Problem requirements: Nothing but the lines from the one containing "Pronájem obchodní prostory, 94 m²" through the end of the data below should appear in the answer, each exact and free of pictures.

Dataset excerpt: Begin

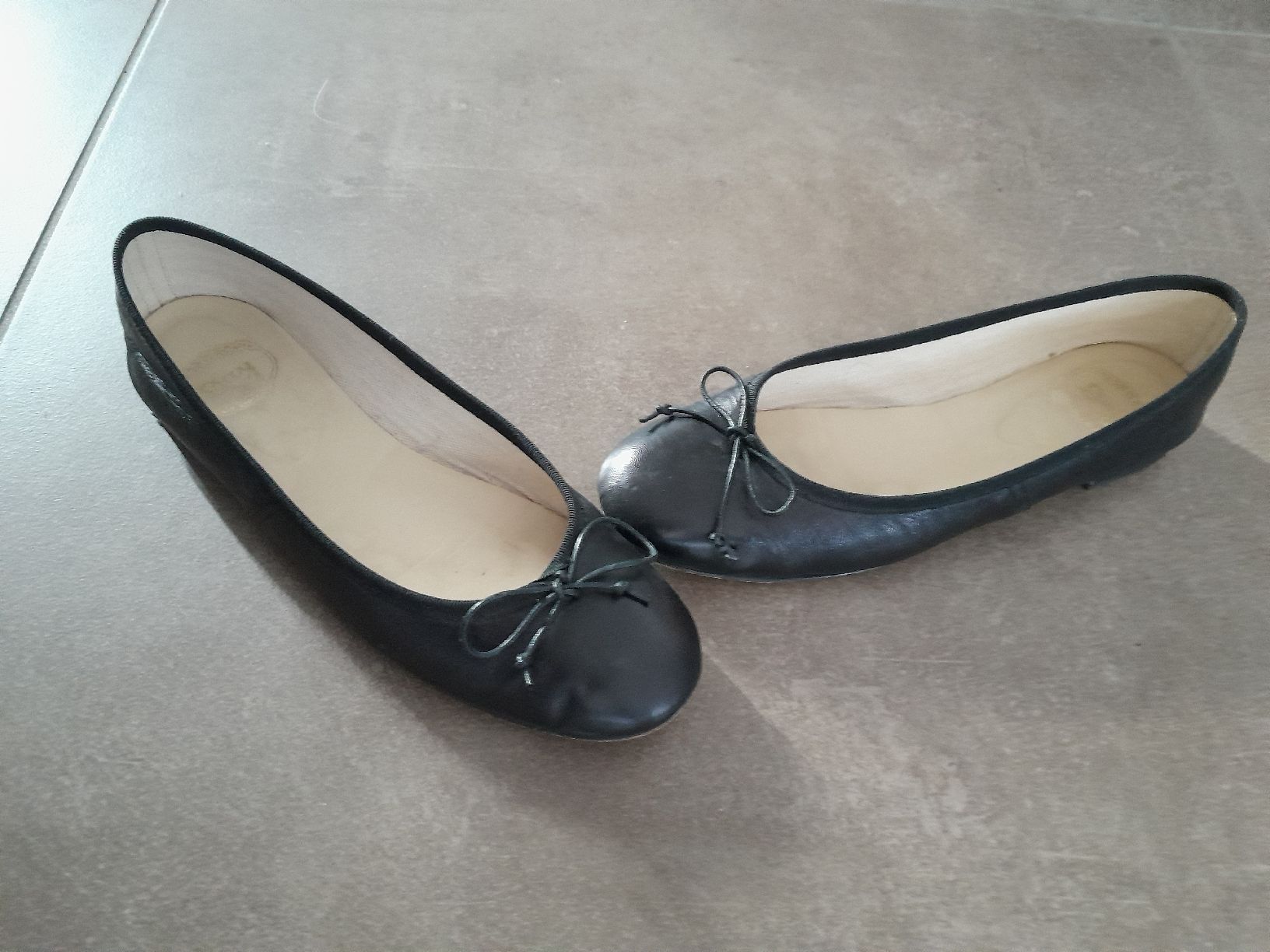 Scarpe da donna: Schwarze Ballerinas – Usato da Alterswil FR venduto da jas_cp68 2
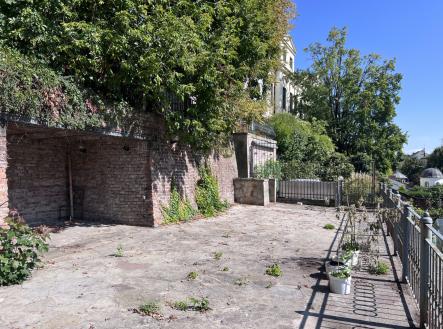 Pronájem obchodní prostory, 94 m²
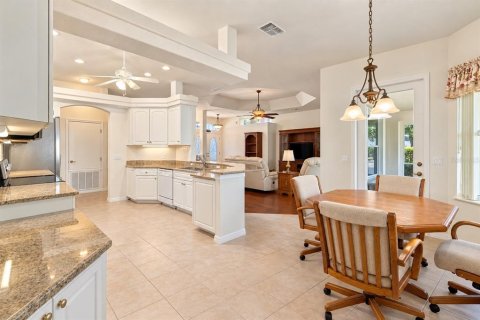 House in Weeki Wachee, Florida 3 bedrooms, 186.45 sq.m. № 2391028 - photo 12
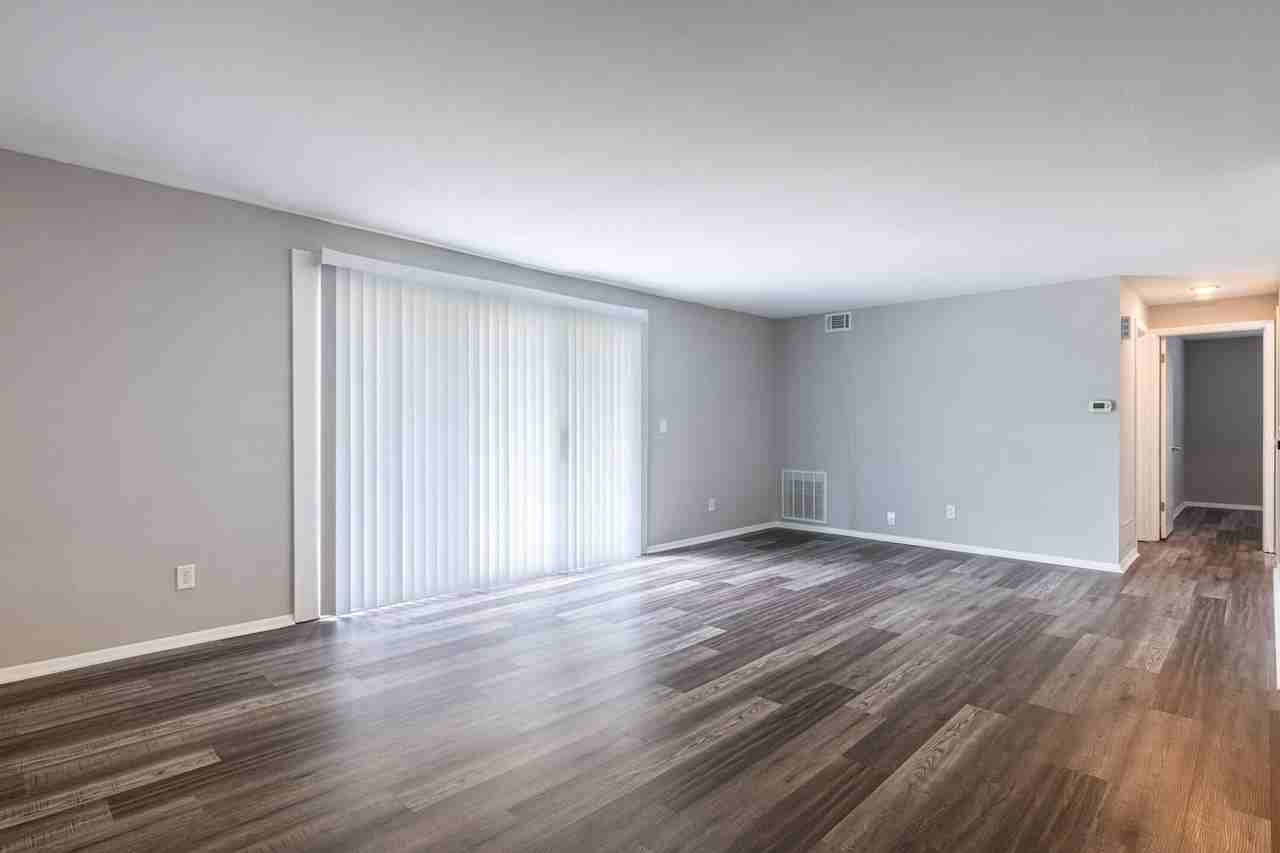 4420 - 4440  Flowerdale Avenue - Photo 4 of 16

Dataset excerpt: End

Answer to this exercise:
 Pronájem obchodní prostory, 94 m²
 House in Weeki Wachee, Florida 3 bedrooms, 186.45 sq.m. № 2391028 - photo 12
 4420 - 4440  Flowerdale Avenue - Photo 4 of 16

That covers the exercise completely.